(Pictures with short captions)
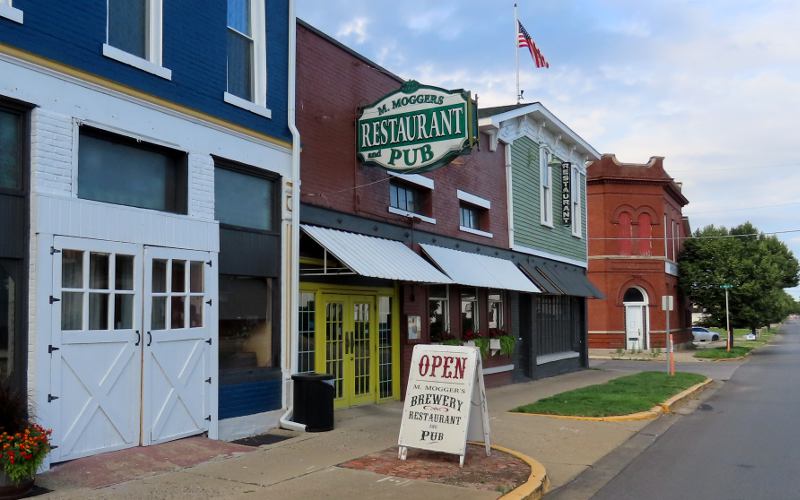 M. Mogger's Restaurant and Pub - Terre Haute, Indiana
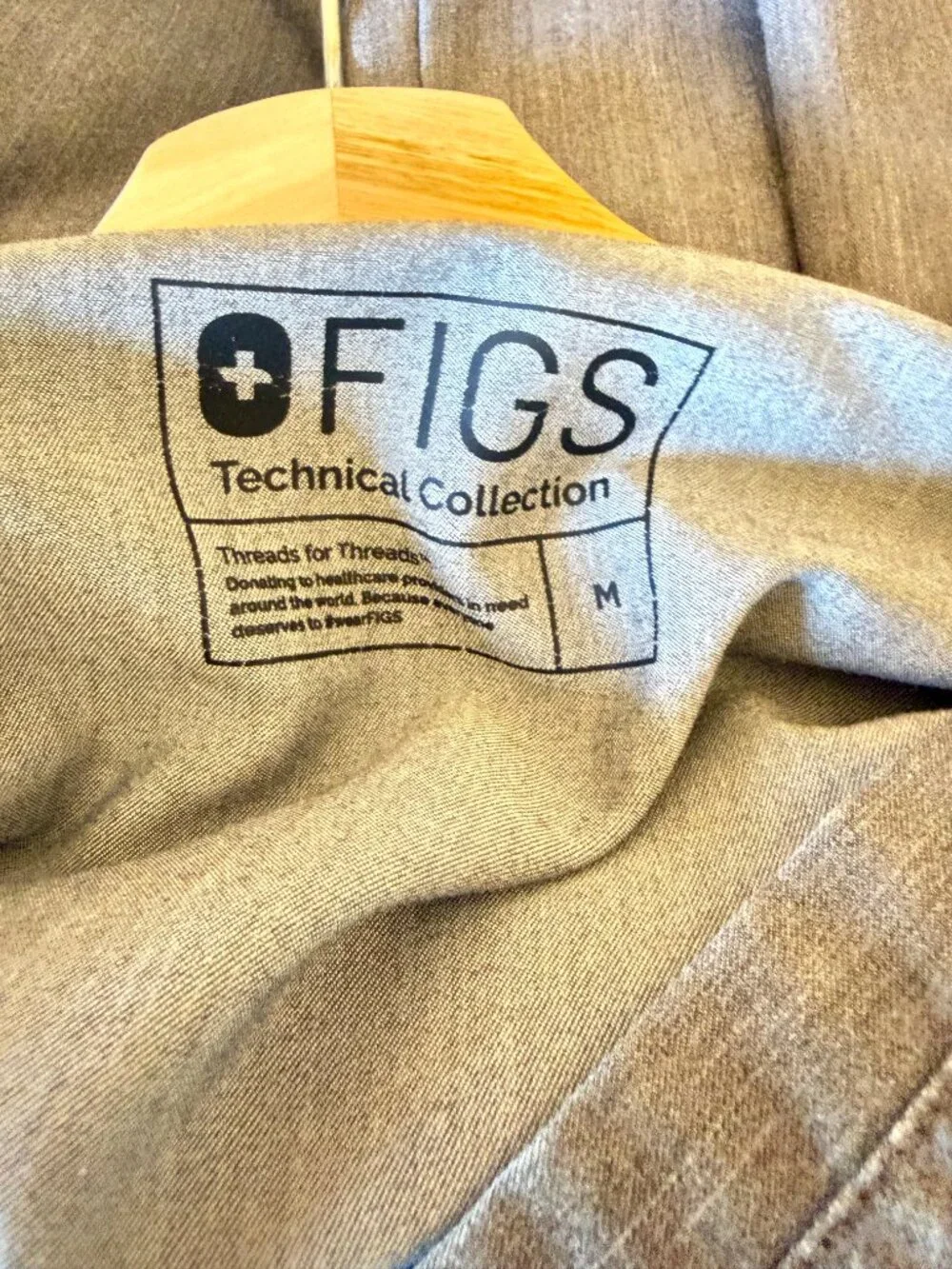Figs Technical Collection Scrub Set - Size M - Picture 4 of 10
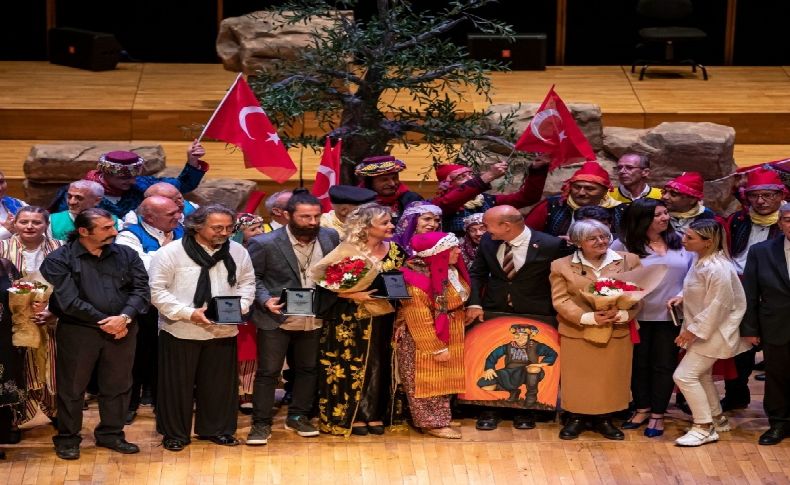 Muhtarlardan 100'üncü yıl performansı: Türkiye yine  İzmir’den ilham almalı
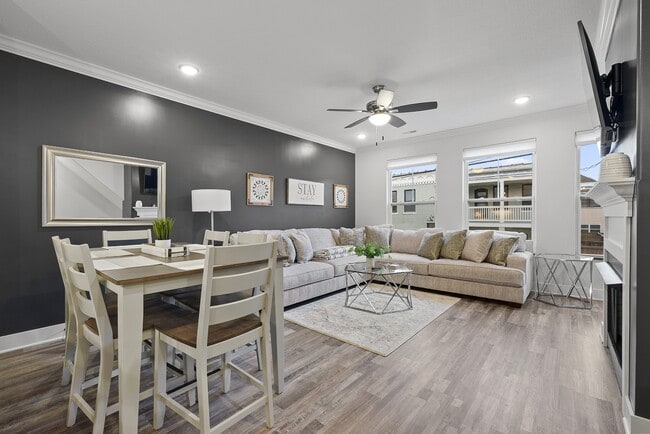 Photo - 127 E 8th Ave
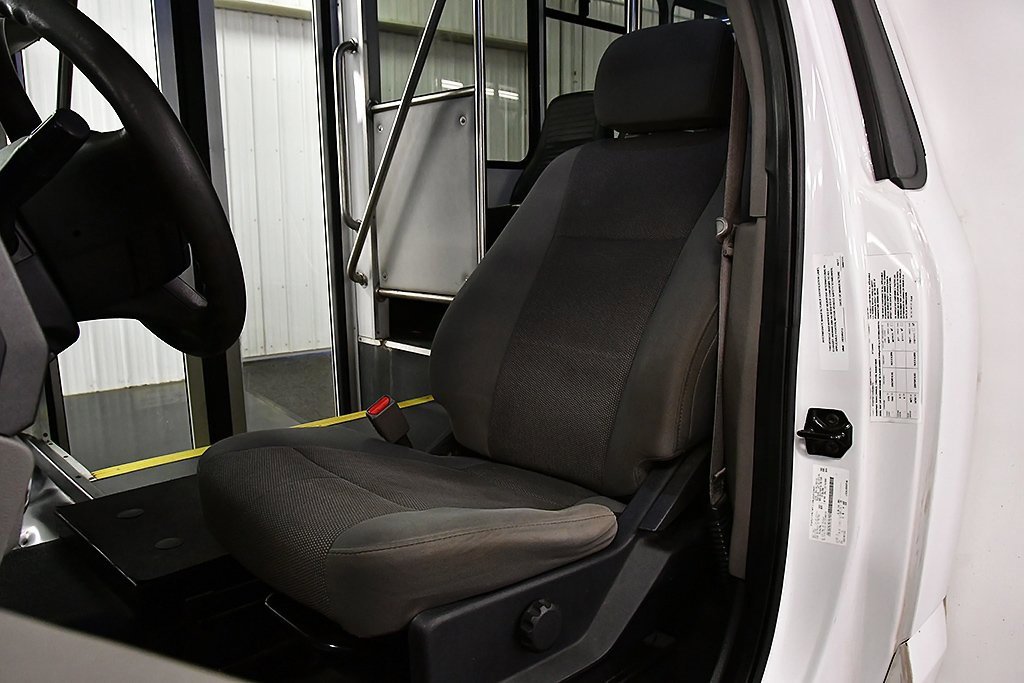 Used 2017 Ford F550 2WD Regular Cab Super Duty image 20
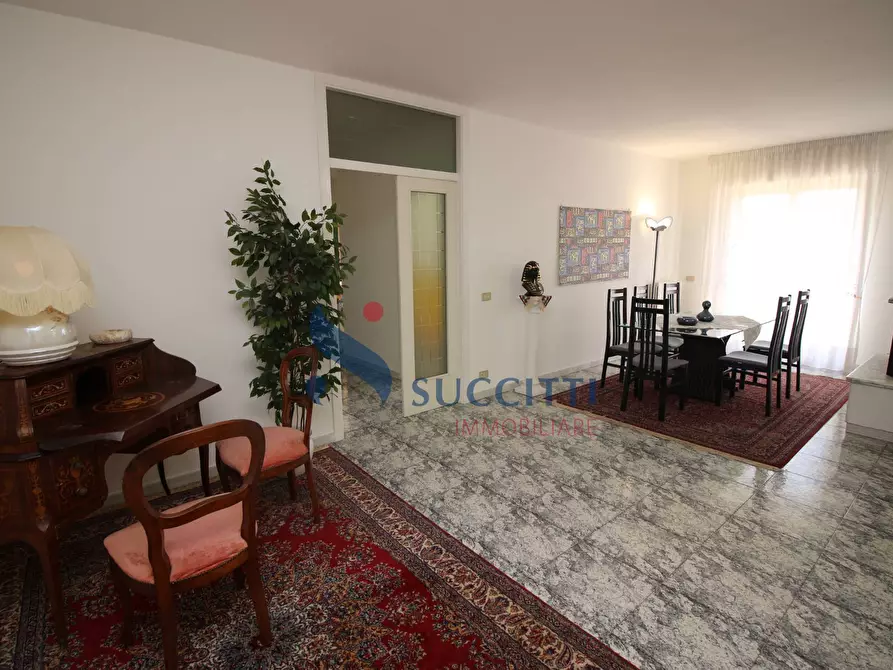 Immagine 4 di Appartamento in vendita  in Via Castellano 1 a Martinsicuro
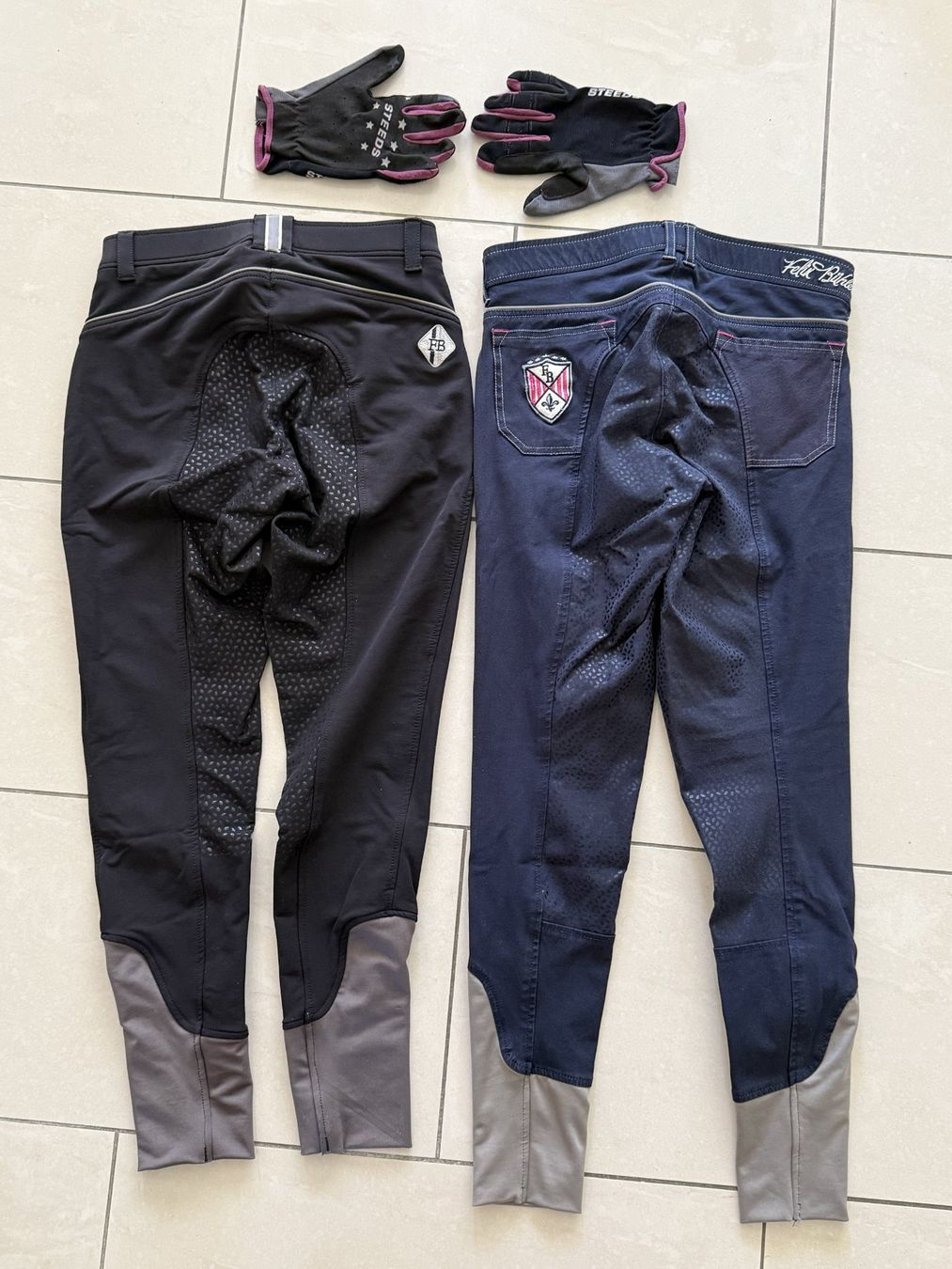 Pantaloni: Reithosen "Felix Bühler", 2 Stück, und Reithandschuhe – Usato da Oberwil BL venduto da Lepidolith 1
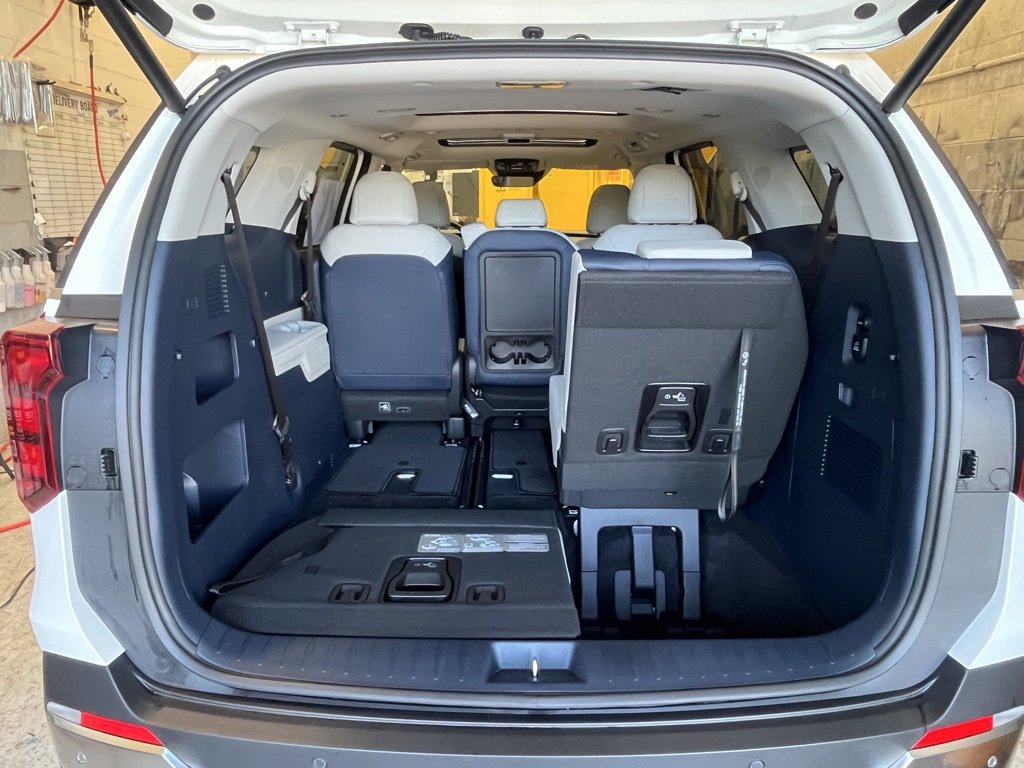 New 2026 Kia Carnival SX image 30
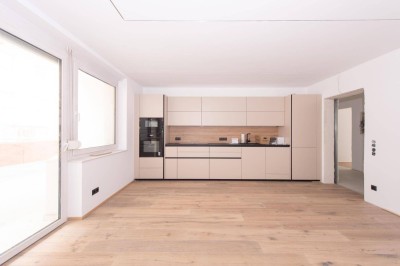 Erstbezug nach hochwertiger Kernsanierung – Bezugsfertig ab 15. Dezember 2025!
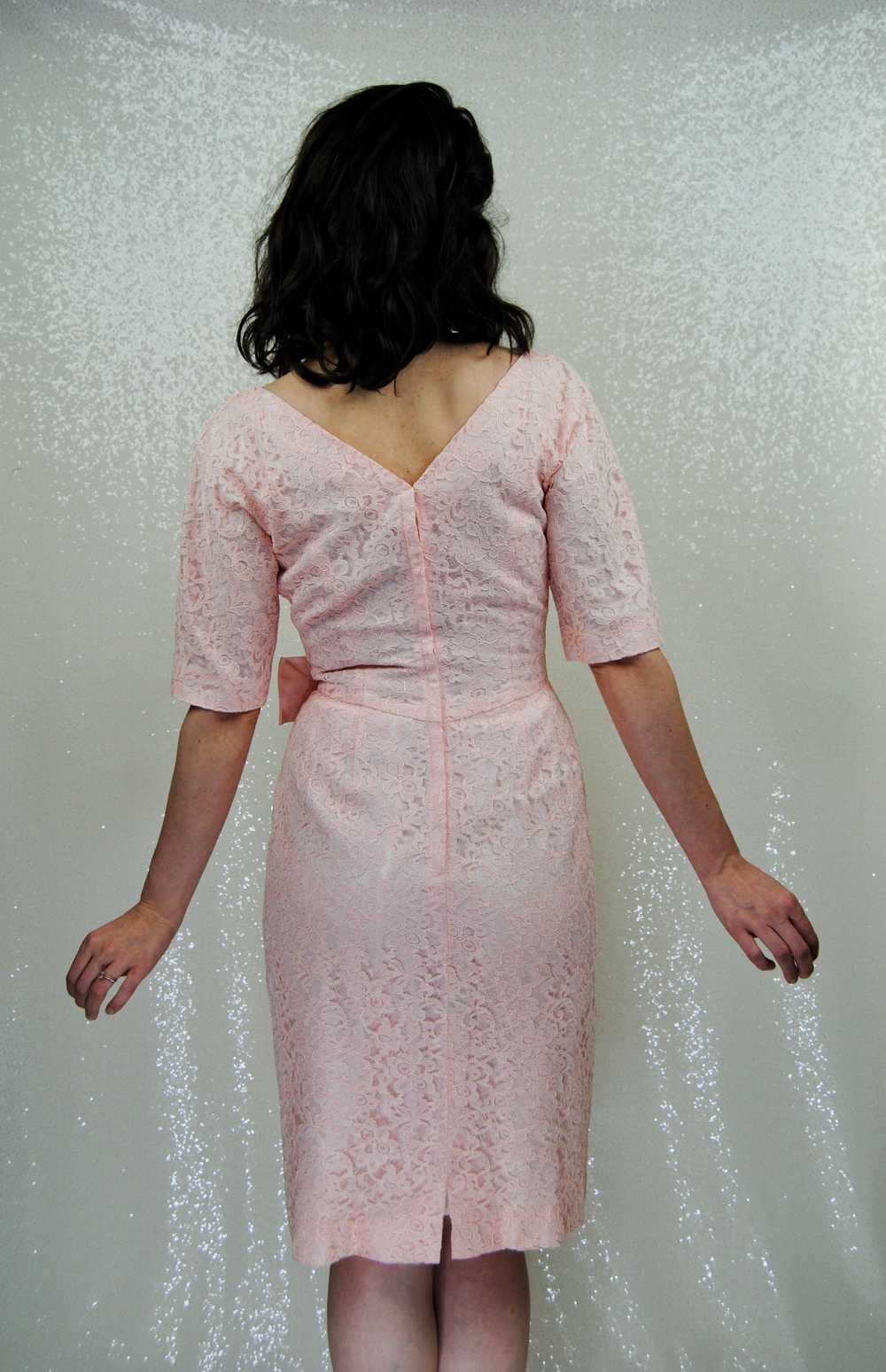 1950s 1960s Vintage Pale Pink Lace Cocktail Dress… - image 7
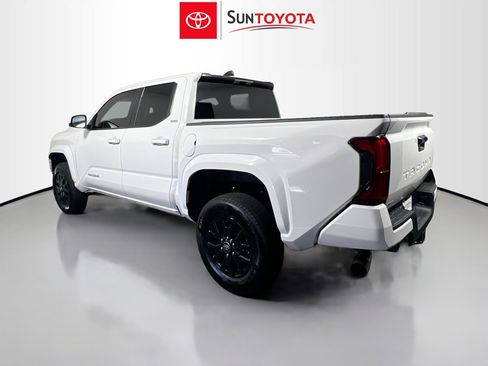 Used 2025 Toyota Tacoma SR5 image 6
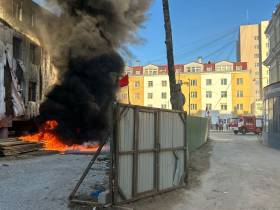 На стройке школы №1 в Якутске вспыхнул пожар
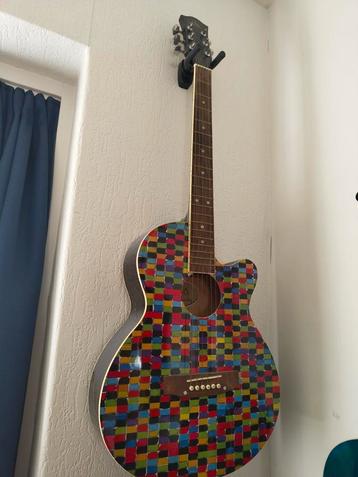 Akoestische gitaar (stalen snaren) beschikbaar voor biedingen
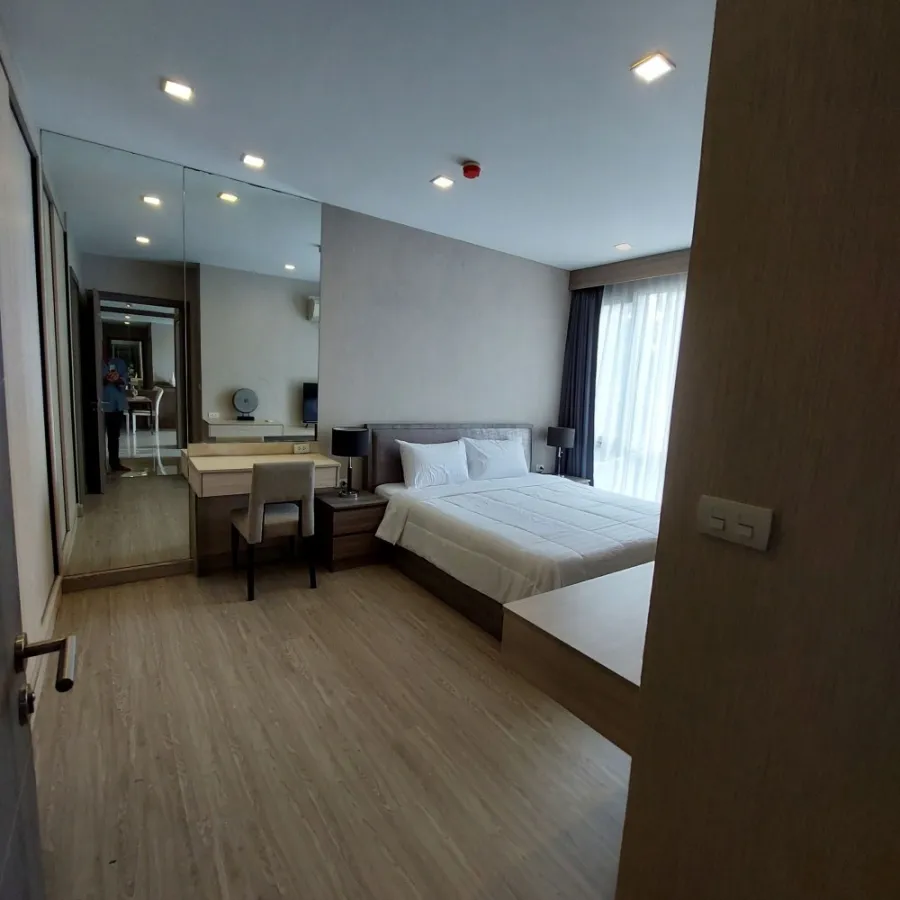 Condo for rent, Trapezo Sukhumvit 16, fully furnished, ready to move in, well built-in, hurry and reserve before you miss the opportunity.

▶ _REQUIRED WORK_
Retype the records above exactly, and keep any picture out of what you write.

▶ _TASK OUTPUT_
 M. Mogger's Restaurant and Pub - Terre Haute, Indiana
Figs Technical Collection Scrub Set - Size M - Picture 4 of 10
 Muhtarlardan 100'üncü yıl performansı: Türkiye yine  İzmir’den ilham almalı
 Photo - 127 E 8th Ave
 Used 2017 Ford F550 2WD Regular Cab Super Duty image 20
 Immagine 4 di Appartamento in vendita  in Via Castellano 1 a Martinsicuro
 Pantaloni: Reithosen "Felix Bühler", 2 Stück, und Reithandschuhe – Usato da Oberwil BL venduto da Lepidolith 1
 New 2026 Kia Carnival SX image 30
 Erstbezug nach hochwertiger Kernsanierung – Bezugsfertig ab 15. Dezember 2025!
 1950s 1960s Vintage Pale Pink Lace Cocktail Dress… - image 7
 Used 2025 Toyota Tacoma SR5 image 6
 На стройке школы №1 в Якутске вспыхнул пожар
 Akoestische gitaar (stalen snaren) beschikbaar voor biedingen
 Condo for rent, Trapezo Sukhumvit 16, fully furnished, ready to move in, well built-in, hurry and reserve before you miss the opportunity.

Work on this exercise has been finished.